> [YOUR ASSIGNMENT]:
Each line from the one that has "Forte Gt Alüminyum" through the end of the entries below must be written out exactly; leave out all other lines.

> [WORKING DATA]:
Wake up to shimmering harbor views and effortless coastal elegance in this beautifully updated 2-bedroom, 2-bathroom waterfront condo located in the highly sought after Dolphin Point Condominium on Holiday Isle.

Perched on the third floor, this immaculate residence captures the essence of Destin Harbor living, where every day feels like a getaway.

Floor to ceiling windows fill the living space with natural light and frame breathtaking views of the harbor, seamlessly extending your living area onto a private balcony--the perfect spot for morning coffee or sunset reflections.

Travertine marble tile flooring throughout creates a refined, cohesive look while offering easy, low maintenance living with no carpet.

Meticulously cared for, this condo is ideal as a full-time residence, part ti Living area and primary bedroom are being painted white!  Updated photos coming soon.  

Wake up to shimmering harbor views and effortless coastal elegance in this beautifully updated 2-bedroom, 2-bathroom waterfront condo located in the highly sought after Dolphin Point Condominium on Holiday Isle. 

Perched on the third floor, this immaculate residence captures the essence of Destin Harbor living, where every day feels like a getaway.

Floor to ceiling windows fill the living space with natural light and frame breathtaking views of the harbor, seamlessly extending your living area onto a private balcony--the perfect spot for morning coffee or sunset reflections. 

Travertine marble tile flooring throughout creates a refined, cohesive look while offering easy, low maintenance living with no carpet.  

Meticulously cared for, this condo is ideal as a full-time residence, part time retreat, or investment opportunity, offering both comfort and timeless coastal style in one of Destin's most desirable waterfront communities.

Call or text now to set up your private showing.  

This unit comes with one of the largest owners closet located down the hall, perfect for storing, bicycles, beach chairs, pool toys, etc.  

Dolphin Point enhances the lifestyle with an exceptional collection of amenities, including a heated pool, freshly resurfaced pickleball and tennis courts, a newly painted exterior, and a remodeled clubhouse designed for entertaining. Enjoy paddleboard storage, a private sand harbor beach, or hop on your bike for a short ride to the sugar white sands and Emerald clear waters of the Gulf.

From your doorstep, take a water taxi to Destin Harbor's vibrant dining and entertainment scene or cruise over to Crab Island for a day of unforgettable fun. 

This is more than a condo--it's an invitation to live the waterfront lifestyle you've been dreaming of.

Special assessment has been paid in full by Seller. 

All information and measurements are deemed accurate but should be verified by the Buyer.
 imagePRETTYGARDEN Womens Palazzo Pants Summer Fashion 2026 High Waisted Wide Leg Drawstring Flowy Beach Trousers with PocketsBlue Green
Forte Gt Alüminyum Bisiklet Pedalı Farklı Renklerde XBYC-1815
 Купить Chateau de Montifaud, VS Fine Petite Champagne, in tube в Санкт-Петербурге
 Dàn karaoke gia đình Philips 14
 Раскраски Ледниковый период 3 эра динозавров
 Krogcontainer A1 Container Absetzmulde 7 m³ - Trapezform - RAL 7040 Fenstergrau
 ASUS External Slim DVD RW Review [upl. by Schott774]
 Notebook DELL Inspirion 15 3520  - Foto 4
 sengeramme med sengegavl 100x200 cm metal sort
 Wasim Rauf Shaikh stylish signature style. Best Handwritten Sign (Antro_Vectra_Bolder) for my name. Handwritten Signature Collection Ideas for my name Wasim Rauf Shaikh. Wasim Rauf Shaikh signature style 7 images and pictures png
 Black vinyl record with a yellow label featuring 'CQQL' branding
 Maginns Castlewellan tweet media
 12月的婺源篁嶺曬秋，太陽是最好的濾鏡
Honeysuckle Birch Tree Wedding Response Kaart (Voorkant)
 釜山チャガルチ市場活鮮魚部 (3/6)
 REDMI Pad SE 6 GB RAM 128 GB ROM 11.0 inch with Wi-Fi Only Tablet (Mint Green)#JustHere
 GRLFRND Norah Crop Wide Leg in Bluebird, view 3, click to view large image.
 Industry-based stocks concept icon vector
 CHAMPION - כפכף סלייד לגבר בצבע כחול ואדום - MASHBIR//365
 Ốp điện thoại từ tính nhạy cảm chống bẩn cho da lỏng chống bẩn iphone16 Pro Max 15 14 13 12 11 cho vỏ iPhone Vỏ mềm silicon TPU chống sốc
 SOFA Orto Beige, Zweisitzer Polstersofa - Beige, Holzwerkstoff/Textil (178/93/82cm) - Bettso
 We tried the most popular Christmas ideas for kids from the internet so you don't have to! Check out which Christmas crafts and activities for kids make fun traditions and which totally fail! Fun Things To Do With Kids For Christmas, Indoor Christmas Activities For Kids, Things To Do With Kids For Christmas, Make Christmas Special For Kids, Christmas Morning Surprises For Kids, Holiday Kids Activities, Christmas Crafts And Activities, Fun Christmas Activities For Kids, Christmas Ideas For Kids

> [EXERCISE RESPONSE]:
Forte Gt Alüminyum Bisiklet Pedalı Farklı Renklerde XBYC-1815
 Купить Chateau de Montifaud, VS Fine Petite Champagne, in tube в Санкт-Петербурге
 Dàn karaoke gia đình Philips 14
 Раскраски Ледниковый период 3 эра динозавров
 Krogcontainer A1 Container Absetzmulde 7 m³ - Trapezform - RAL 7040 Fenstergrau
 ASUS External Slim DVD RW Review [upl. by Schott774]
 Notebook DELL Inspirion 15 3520  - Foto 4
 sengeramme med sengegavl 100x200 cm metal sort
 Wasim Rauf Shaikh stylish signature style. Best Handwritten Sign (Antro_Vectra_Bolder) for my name. Handwritten Signature Collection Ideas for my name Wasim Rauf Shaikh. Wasim Rauf Shaikh signature style 7 images and pictures png
 Black vinyl record with a yellow label featuring 'CQQL' branding
 Maginns Castlewellan tweet media
 12月的婺源篁嶺曬秋，太陽是最好的濾鏡
Honeysuckle Birch Tree Wedding Response Kaart (Voorkant)
 釜山チャガルチ市場活鮮魚部 (3/6)
 REDMI Pad SE 6 GB RAM 128 GB ROM 11.0 inch with Wi-Fi Only Tablet (Mint Green)#JustHere
 GRLFRND Norah Crop Wide Leg in Bluebird, view 3, click to view large image.
 Industry-based stocks concept icon vector
 CHAMPION - כפכף סלייד לגבר בצבע כחול ואדום - MASHBIR//365
 Ốp điện thoại từ tính nhạy cảm chống bẩn cho da lỏng chống bẩn iphone16 Pro Max 15 14 13 12 11 cho vỏ iPhone Vỏ mềm silicon TPU chống sốc
 SOFA Orto Beige, Zweisitzer Polstersofa - Beige, Holzwerkstoff/Textil (178/93/82cm) - Bettso
 We tried the most popular Christmas ideas for kids from the internet so you don't have to! Check out which Christmas crafts and activities for kids make fun traditions and which totally fail! Fun Things To Do With Kids For Christmas, Indoor Christmas Activities For Kids, Things To Do With Kids For Christmas, Make Christmas Special For Kids, Christmas Morning Surprises For Kids, Holiday Kids Activities, Christmas Crafts And Activities, Fun Christmas Activities For Kids, Christmas Ideas For Kids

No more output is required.